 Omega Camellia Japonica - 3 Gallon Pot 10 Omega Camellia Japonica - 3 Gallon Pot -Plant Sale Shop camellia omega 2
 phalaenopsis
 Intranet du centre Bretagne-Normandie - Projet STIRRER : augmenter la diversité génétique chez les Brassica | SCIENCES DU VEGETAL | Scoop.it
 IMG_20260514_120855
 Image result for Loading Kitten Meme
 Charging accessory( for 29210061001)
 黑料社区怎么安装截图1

==

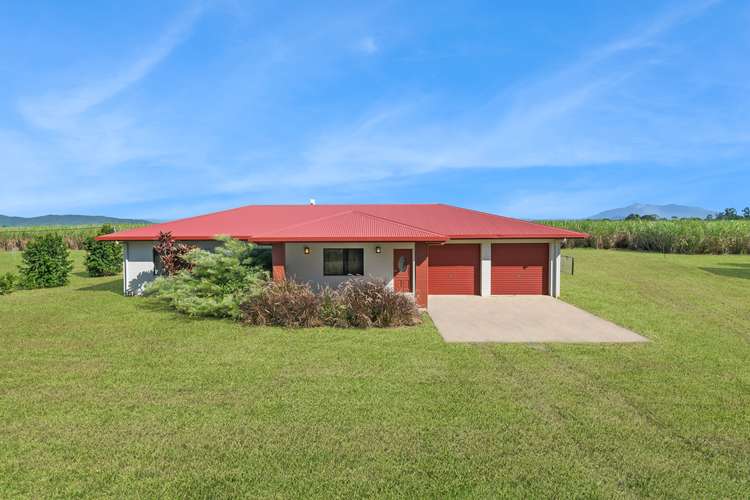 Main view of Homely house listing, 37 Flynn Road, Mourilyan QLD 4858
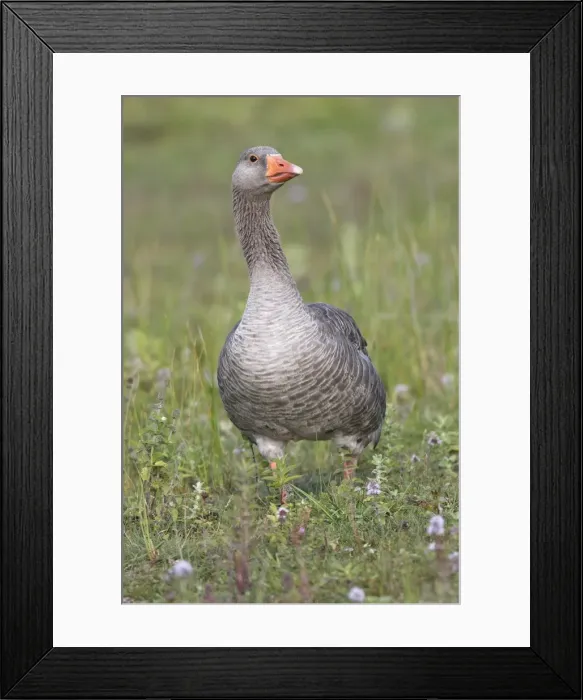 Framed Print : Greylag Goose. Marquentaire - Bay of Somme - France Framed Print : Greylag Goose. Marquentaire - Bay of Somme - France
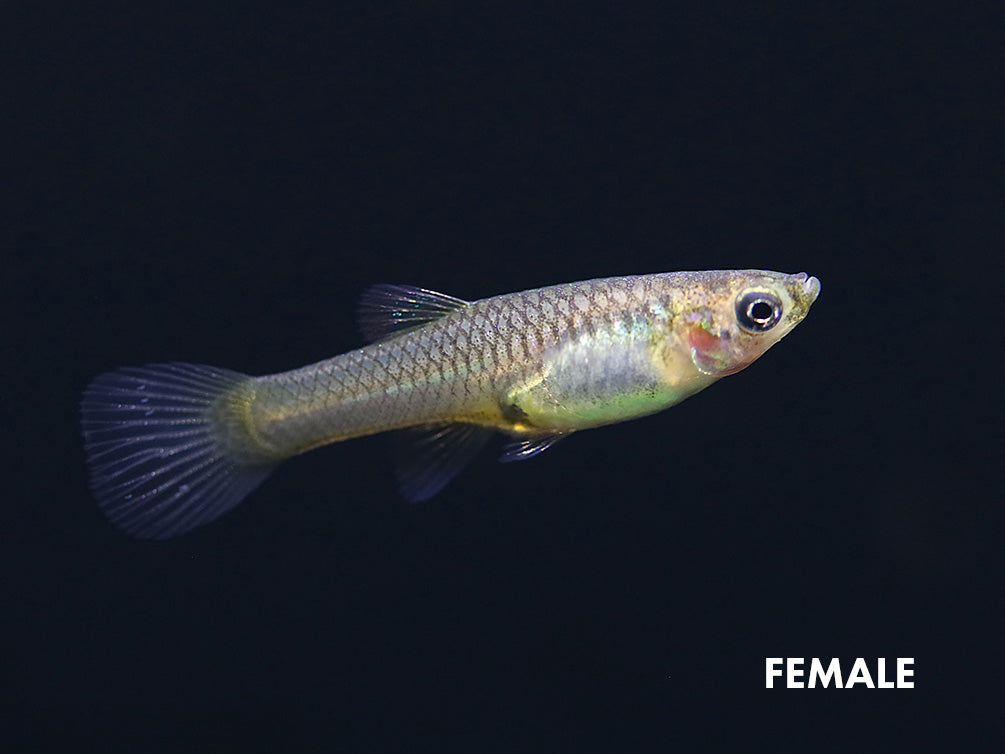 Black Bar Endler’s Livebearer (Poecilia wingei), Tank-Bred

Your assignment.
From the records above, retype only the lines starting at the line that contains "Charging accessory( for 29210061001)" and ending at the line that contains "黑料社区怎么安装截图1", both included.

Solved exercise.
 Charging accessory( for 29210061001)
 黑料社区怎么安装截图1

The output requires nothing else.